> _TASK INSTRUCTIONS_: Please reproduce the entries exactly, skipping each picture.

> _INFORMATION PROVIDED_:
····················

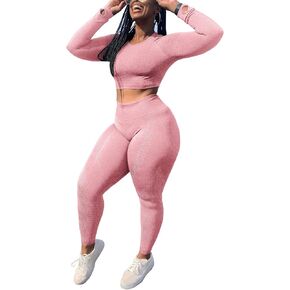 NAKAAH Workout Sets for Women Seamless High Waist Cute Crop Tops Yoga Two Piece Outfits for Women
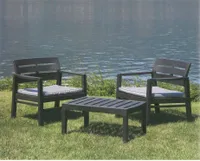 Outdoor-Lounge-Set Benevento, Gartengarnitur mit 2 Sesseln und 1 Couchtisch, Innen- und Außensitzgruppe mit Kissen, 100 %  Italy, Anthrazit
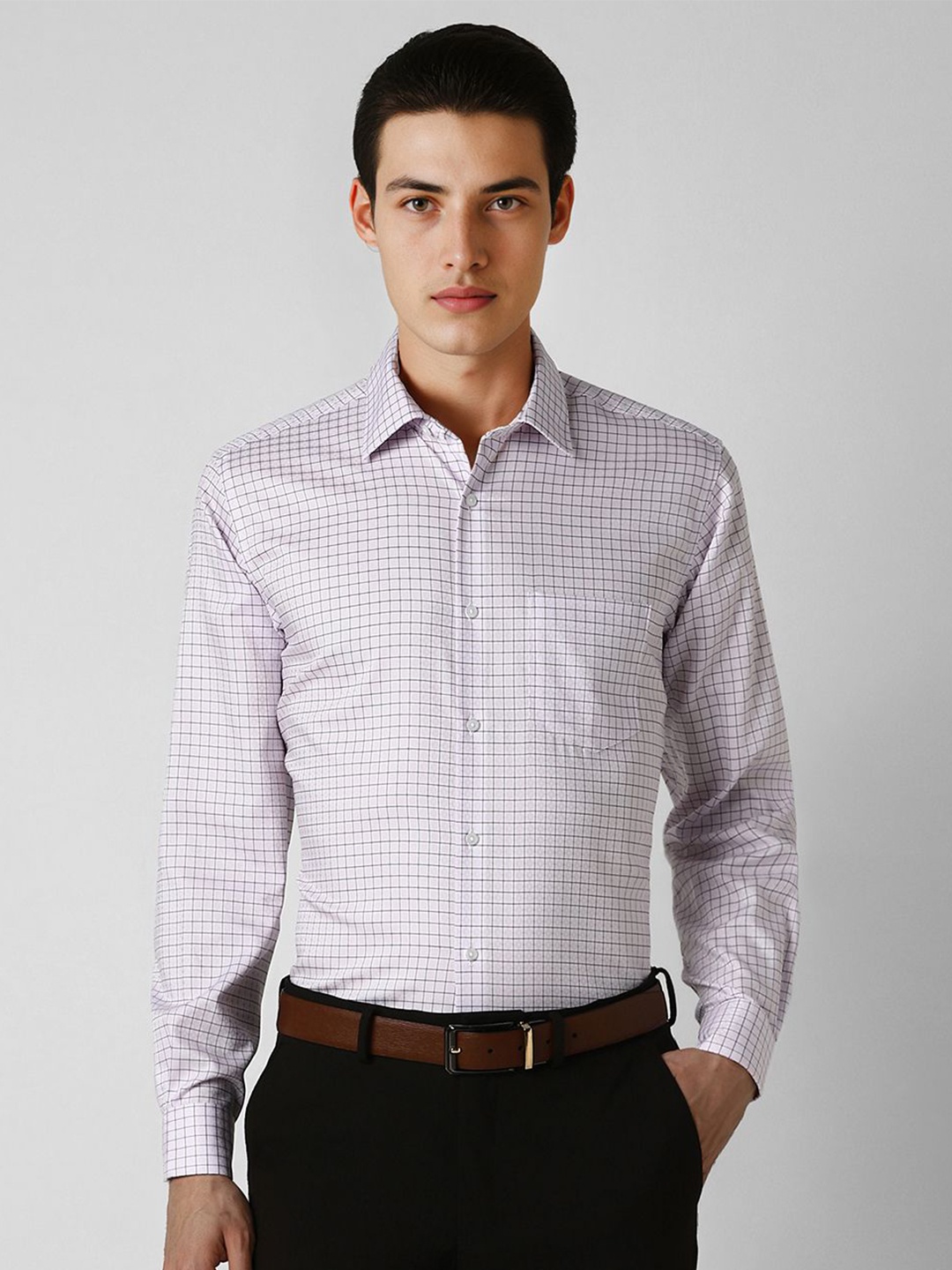 

Van Heusen Men Spread Collar Micro Checked Cotton Formal Shirt, Lavender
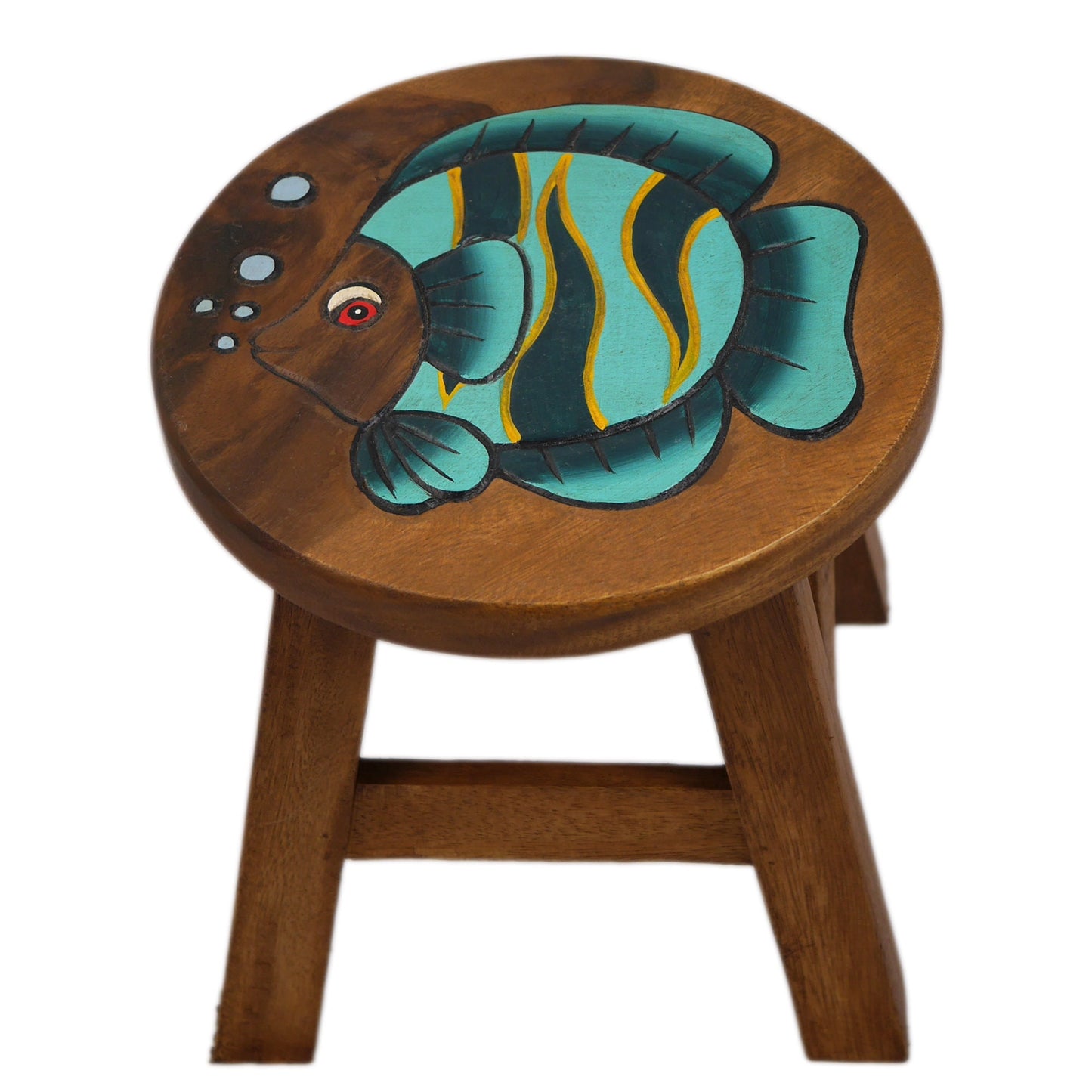 Children's stool wooden stool with animal motif ornamental fish painted and carved height 25 cm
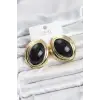 Pirinç Siyah Badem Model Vintage Gold Kadın Küpe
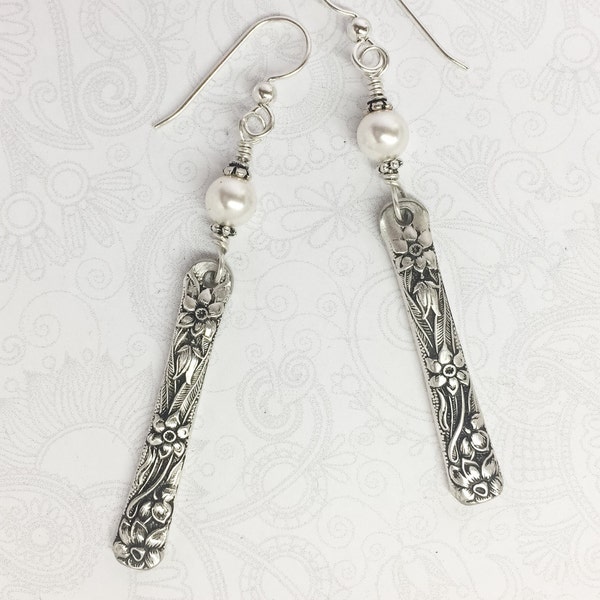 Spoon Earrings, "Narcissus" 1935, White Crystal Pearls, Sterling Silver Ear Wires, Silverware Jewelry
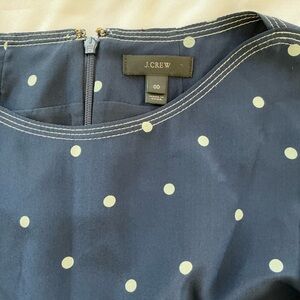J.Crew Midnight Blue Dress with Cream Dots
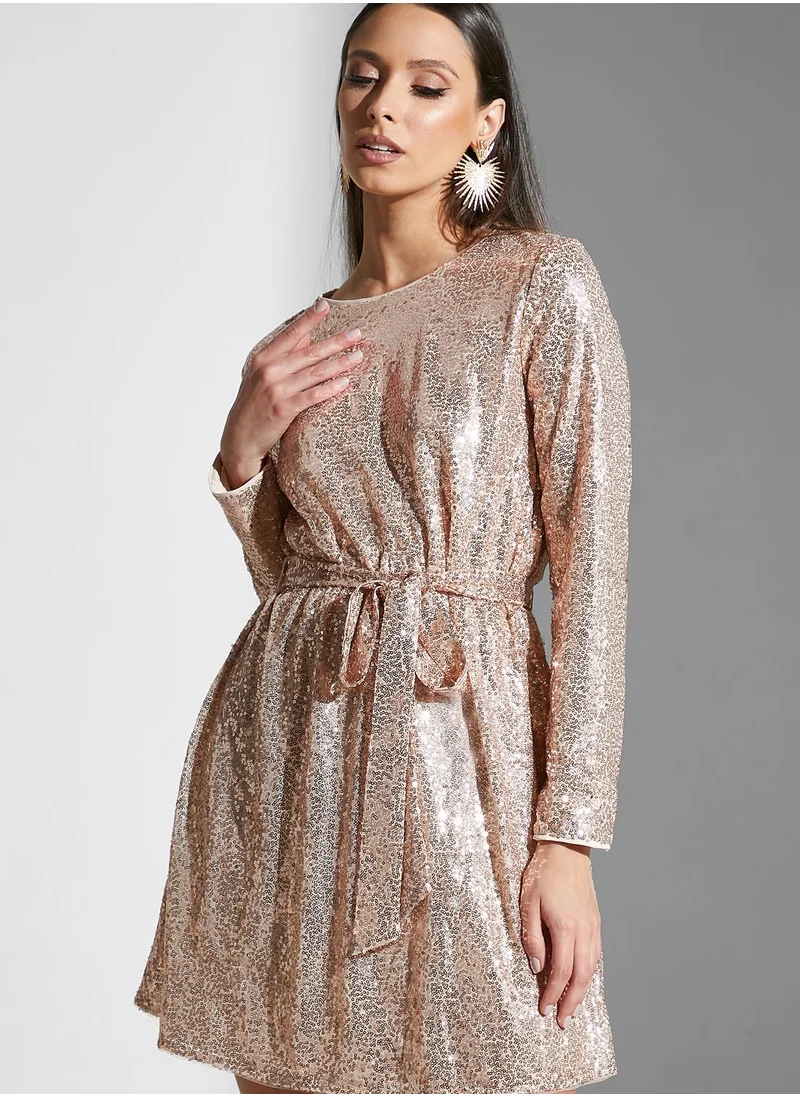 Chi-Chi London Belted Sequin Dress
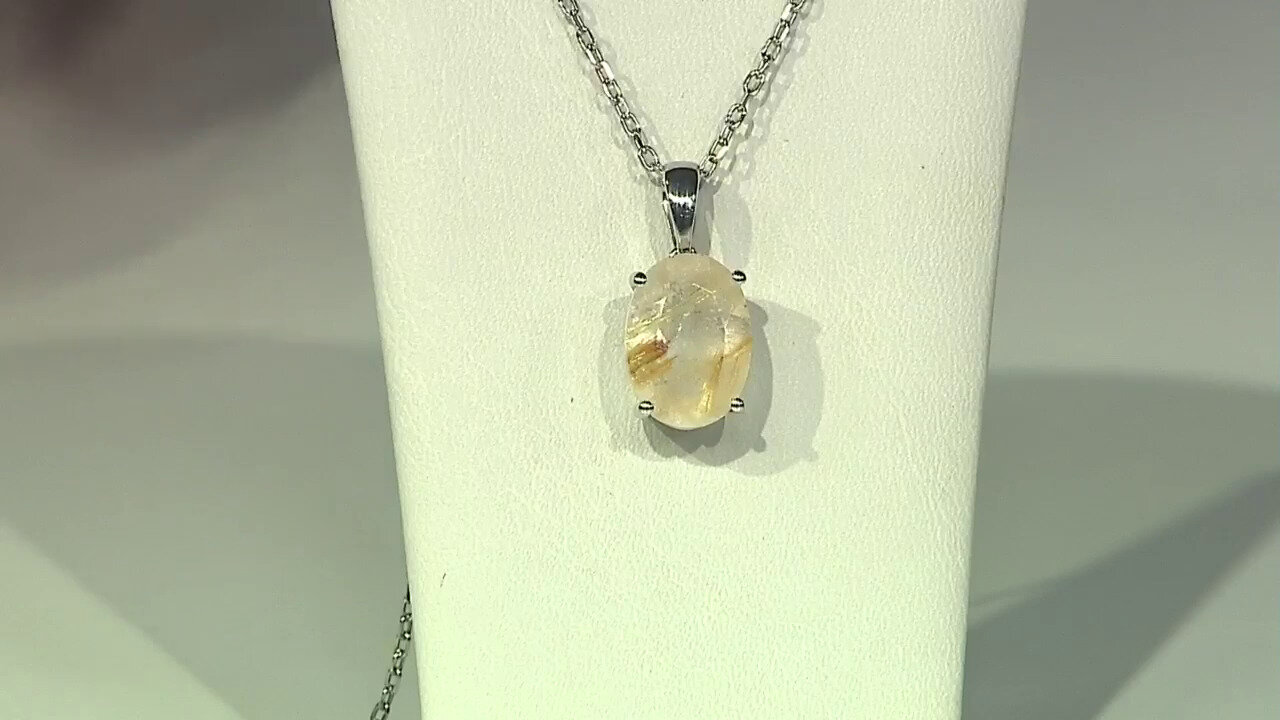 Video Rutile Quartz Silver Pendant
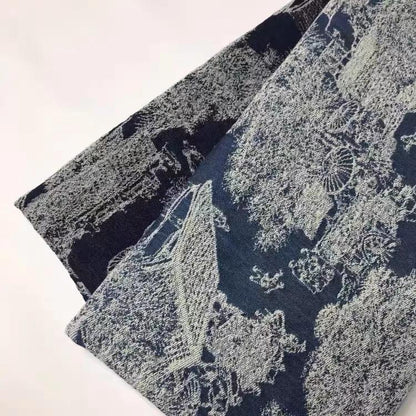 Jacquard Denim Fabric: Qingming Riverside Design, Upholstery & Sewing, 59"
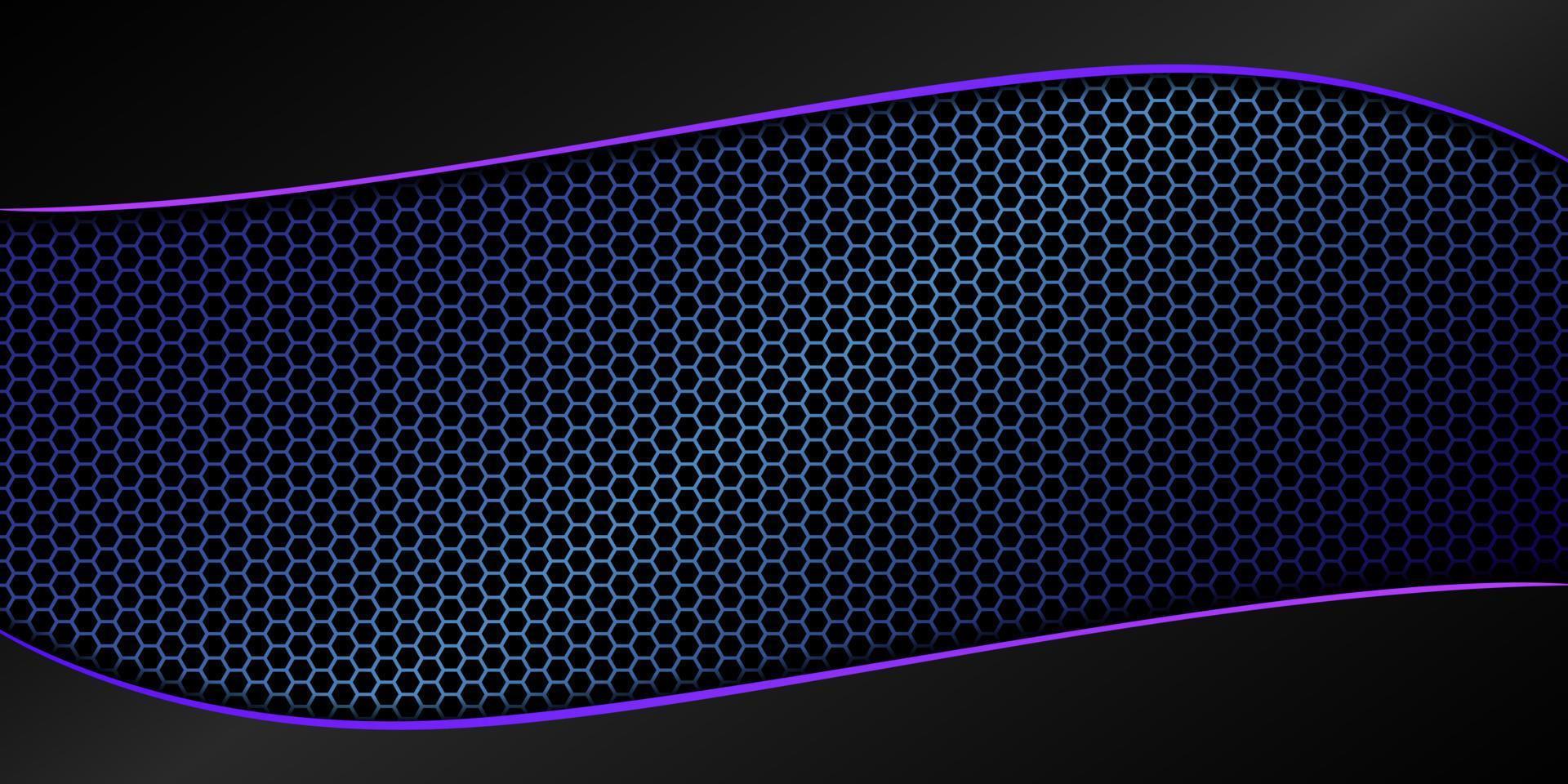 arrière-plan abstrait fond hexagonal en maille bleue avec rayures courbes grises avec bords violets. illustration vectorielle 3d vecteur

····················

> _TASK OUTPUT_:
 NAKAAH Workout Sets for Women Seamless High Waist Cute Crop Tops Yoga Two Piece Outfits for Women
 Outdoor-Lounge-Set Benevento, Gartengarnitur mit 2 Sesseln und 1 Couchtisch, Innen- und Außensitzgruppe mit Kissen, 100 %  Italy, Anthrazit

Van Heusen Men Spread Collar Micro Checked Cotton Formal Shirt, Lavender
 Children's stool wooden stool with animal motif ornamental fish painted and carved height 25 cm
 Pirinç Siyah Badem Model Vintage Gold Kadın Küpe
 Spoon Earrings, "Narcissus" 1935, White Crystal Pearls, Sterling Silver Ear Wires, Silverware Jewelry
J.Crew Midnight Blue Dress with Cream Dots
 Chi-Chi London Belted Sequin Dress
 Video Rutile Quartz Silver Pendant
 Jacquard Denim Fabric: Qingming Riverside Design, Upholstery & Sewing, 59"
 arrière-plan abstrait fond hexagonal en maille bleue avec rayures courbes grises avec bords violets. illustration vectorielle 3d vecteur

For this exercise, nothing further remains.